Feds Arrest Another Missing Money Manager

Another missing money manager suspected of fraud has turned himself in to authorities. 

Arthur Nadel, a Florida hedge fund manager who disappeared this month just as he was due to pay investors $50 million surrendered in Tampa Tuesday to face federal securities and wire fraud charges, the FBI said.
 
Nadel was due in federal court later Tuesday afternoon. The FBI did not provide additional details about his surrender or where he has been for the past two weeks. Nadel's attorney, Todd A. Foster, did not immediately respond to a telephone message left with his office.

Federal regulators last week sued Nadel for fraud, saying he misled investors and overstated the value of investments in six funds by about $300 million. The Securities and Exchange Commission also won a court order freezing his assets.

A criminal complaint unsealed Tuesday in federal court in Manhattan alleges Nadel has been defrauding investors since 2004.

Nadel, 76, disappeared Jan. 14 after telling his wife in a note that he felt guilty. He also threatened to kill himself, according to the Sarasota County Sheriff's Office. Police found his green Subaru the next day in an airport parking lot.

In a lawsuit filed in federal court in Tampa, the SEC said Nadel recently transferred at least $1.25 million from two funds to secret bank accounts that he controlled.

Two investment companies co-owned by Nadel, Scoop Capital and Scoop Management, agreed last week in a settlement with the SEC to injunctions and an asset freeze.

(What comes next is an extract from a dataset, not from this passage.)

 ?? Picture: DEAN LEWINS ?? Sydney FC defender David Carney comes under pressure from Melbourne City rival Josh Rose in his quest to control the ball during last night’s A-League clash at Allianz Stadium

They neither admitted nor denied wrongdoing.

According to Scoop Management's internal accountant, the six funds have between 500 and 600 investors nationwide. Earlier this month, many were told that the funds were empty. Sarasota investigators have been fielding inquiries from investors from around the country and as far away as France.

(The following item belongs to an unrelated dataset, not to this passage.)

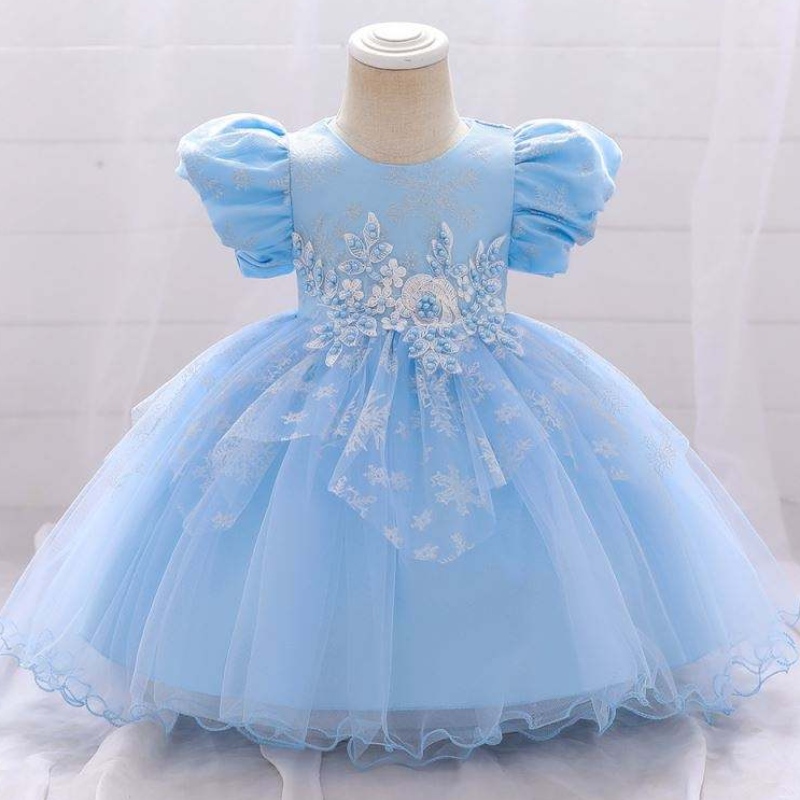 Baige Baby Girl Frocks 디자인 짧은 소매 공연 댄스 드레스 어린이 \\의 파티 착용 가운 L2028xz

The SEC said Nadel's funds appeared to have assets totaling less than $1 million, while he claimed in sales materials for three of the funds that they had about $342 million in assets as of Nov. 30.

The materials also boasted of monthly returns of 11 to 12 percent for several of the funds last year, when they actually had negative results.

The investigation came on the heels of two other high-profile financial fraud cases. Investigators say Wall Street's Bernard Madoff cost investors some $50 billion late last year in what may be the largest Ponzi scheme in history. And Indiana money manager Marcus Schrenker was apprehended in Florida earlier this month after allegedly trying to stage his death in a plane crash as investigators probed his businesses.

On Monday, the owner of New York investment firm Agape World, Nicholas Cosmo, surrendered to FBI in Long Island. He’s accused of cheating investors of about $140 million.